A related factor is the difficulty of implementing surgeon volume cut points.18 Surgeon acceptance may be limited when volume categories are defined arbitrarily or for methodologic purposes. It is difficult to defend the notion that there is an abrupt change in outcomes between performing, for instance, 99 and 100 thyroidectomies per year. The association between surgeon volume and outcomes is almost certainly continuous.19 Thus, in the present study, we aimed to examine whether the association between surgeon volume and selected outcomes for total thyroidectomy is continuous, testing the null hypothesis that no statistically significant cut point would emerge from the data.
Study Design, Setting, and Oversight
The retrospective observational study was conducted between October 2018 and April 2019 in 2 Kaiser Permanente regions, Northern and Southern California, having a collective total of approximately 8.5 million members as of March 2017. Thyroidectomy is performed at 43 Kaiser Permanente–owned medical centers by nearly 200 surgeons, including general surgeons and otolaryngologists with and without specialty training. Of the total thyroidectomies performed during 2008-2015, 8014 (73%) were performed by head and neck surgeons and 2938 (27%) by general surgeons. The Kaiser Permanente Northern California Institutional Review Board approved this study and waived the need for patient consent because all data were obtained by retrospective medical record review.
The study population consisted of patients who underwent a single thyroidectomy between January 1, 2008, and December 31, 2015, and were followed up through December 31, 2017. Patients were identified by the International Classification of Diseases, Ninth Revision (ICD-9) codes for total thyroidectomy (complete [06.4], complete with sternotomy [06.39]).
Outcomes were transient and permanent hypoparathyroidism and VCP, measured dichotomously as present or not. Transient outcomes occurred 1 to 30 days postoperatively, whereas the permanent outcomes occurred 366 to 730 days postoperatively for hypoparathyroidism20 and 180 to 540 days postoperatively for VCP. Hypoparathyroidism was identified by a parathyroid hormone level less than 10 pg/mL, serum calcium level less than 8.0 mg/dL, or serum calcium level less than 10.5 mg/dL unless furosemide use occurred within 30 days of testing or active use of calcitriol or high-dose (50 000 IU) ergocalciferol (vitamin D2) was documented. (Conversion of the parathyroid hormone level to nanograms per liter is 1:1; to convert calcium levels to millimoles per liter, multiply by 0.25.) Vocal cord paralysis was identified by ICD-9 codes (478.3*, 478.4, 478.5, 784.49, 874.01, 908.0, 959.09, 874.11, and 906.0).
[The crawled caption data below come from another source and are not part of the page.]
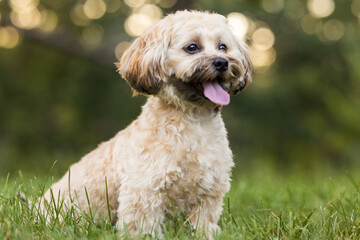 Small Cream Dog Sitting on Grass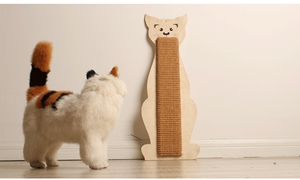 如何防止貓咪抓墻 訓練貓咪不抓墻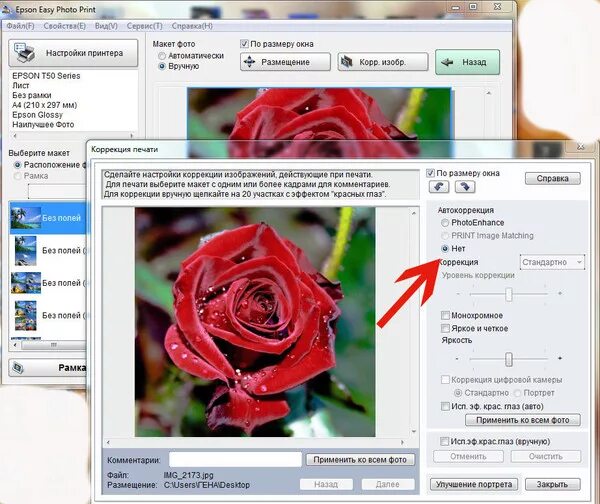 Почему фото при печати темнее Ответы Mail.ru: Почему при печатаний фото на принт .Epson T50 с СНПЧ, фото получ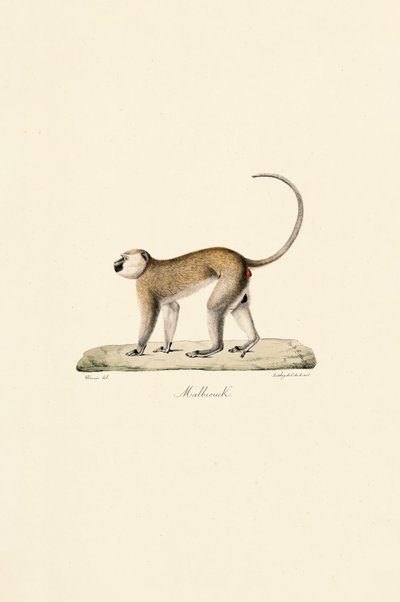  de Jacques Christophe Werner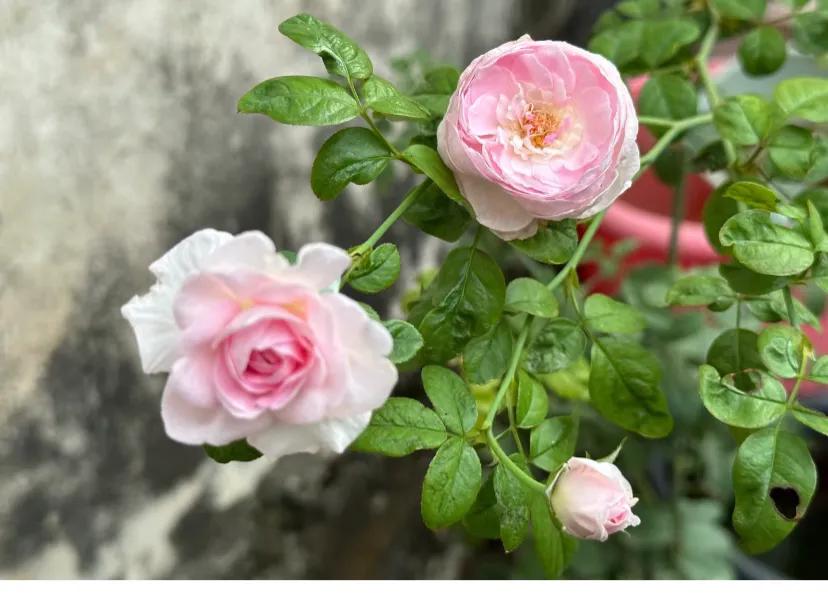 给朋友借了三万块两年后还了三万
两年前朋友说要买房，首付不够，跟我借我三万块钱，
Independent Variable and Covariates
We measured surgeon volume as the number of total thyroidectomies each surgeon performed in individual calendar years. Other variables measured dichotomously included region (Northern or Southern California), sex, race/ethnicity, and past or present comorbid conditions (Hashimoto disease, Graves disease, thyroid cancer, obstructive sleep apnea, visual impairment, hearing loss, disseminated cancer, hypertension, chronic obstructive pulmonary disease, congestive heart failure, hyperlipidemia, bleeding disorders, diabetes, asthma, dementia, depression, pregnancy, radiotherapy within the past 90 days, chemotherapy within the past 30 days, dyspnea, corticosteroid medication use, anticoagulant therapy, dialysis, acute myocardial infarction, stroke, and seizures (eTable 1 in the Supplement provides the ICD-9 codes for these conditions). Categorical variables were created for age, body mass index, distance to nearest medical office building, Charlson comorbidity index, year of procedure, and DxCG risk score (Verisk Health, Inc).21 Emergency department, outpatient, and inpatient care use during the previous 12 months were also included. All data were obtained from electronic health records.
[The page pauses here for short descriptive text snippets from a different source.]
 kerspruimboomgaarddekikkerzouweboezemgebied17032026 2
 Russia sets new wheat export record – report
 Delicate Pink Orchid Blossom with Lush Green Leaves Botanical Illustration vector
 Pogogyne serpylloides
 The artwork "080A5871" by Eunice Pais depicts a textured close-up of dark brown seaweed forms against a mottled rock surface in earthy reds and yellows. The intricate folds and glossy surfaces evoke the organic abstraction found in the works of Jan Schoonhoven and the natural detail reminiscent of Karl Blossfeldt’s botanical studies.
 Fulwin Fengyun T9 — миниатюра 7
Data analysis was performed between October 2018 and April 2019. Categorical variables were created as follows: age: younger than 18, 18 to 44, 45 to 64, and 65 years or older; distance to nearest medical office building: less than 8, 8 to 32, and 32 km or more; body mass index (calculated as weight in kilograms divided by height in meters squared): lower than 18.5, 18.5 to 24.9, 25.0 to 29.9, and 30 or higher; Charlson comorbidity index: 0, 1 to 4, 5 to 9, and 10 or higher (higher values indicate greater burden of illness); and DxCG score: lower than 1, 1 to 4.99, and 5 or higher (higher values indicate greater risk). Missing values were replaced with the median value and a missing indicator was included. Among the cases, 150 (1.4%) were missing values for the same 5 variables: asthma, hyperlipidemia, depression, diabetes, and heart failure; these cases were assigned a missing variable group indicator. We did not perform sensitivity analyses to evaluate the impact of the few missing data.
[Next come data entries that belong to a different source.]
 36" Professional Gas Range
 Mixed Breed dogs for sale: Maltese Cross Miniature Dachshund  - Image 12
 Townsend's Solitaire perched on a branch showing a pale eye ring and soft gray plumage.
A generalized additive logistic regression model (GAM) was fitted to examine the association of surgeon volume with the rates of transient hypoparathyroidism and VCP, controlling for all covariates (eTable 2 in the Supplement). The variables included in the model were selected by clinical judgment. The GAM provides a flexible method for examining the association of a continuous risk factor with an outcome when the nature of the association (ie, whether it is linear) is unknown.22 The model is flexible enough to approximate quadratic, cubic, and other nonlinear shapes without prespecifying the functional form and works well for estimates of hierarchical models. The functional form of the volume-outcomes association was calculated nonparametrically, with the value of the smoothing parameter calculated to optimize the penalized likelihood function.
The optimal surgeon procedure volume was calculated by observing the point at which the GAM intersected with y = 0 (mean risk). The upper and lower bounds of the 95% CIs were determined by multiplying the SE provided in the GAM function by 1.96 and similarly observing at what surgeon volumes the CIs intersected the y = 0 line.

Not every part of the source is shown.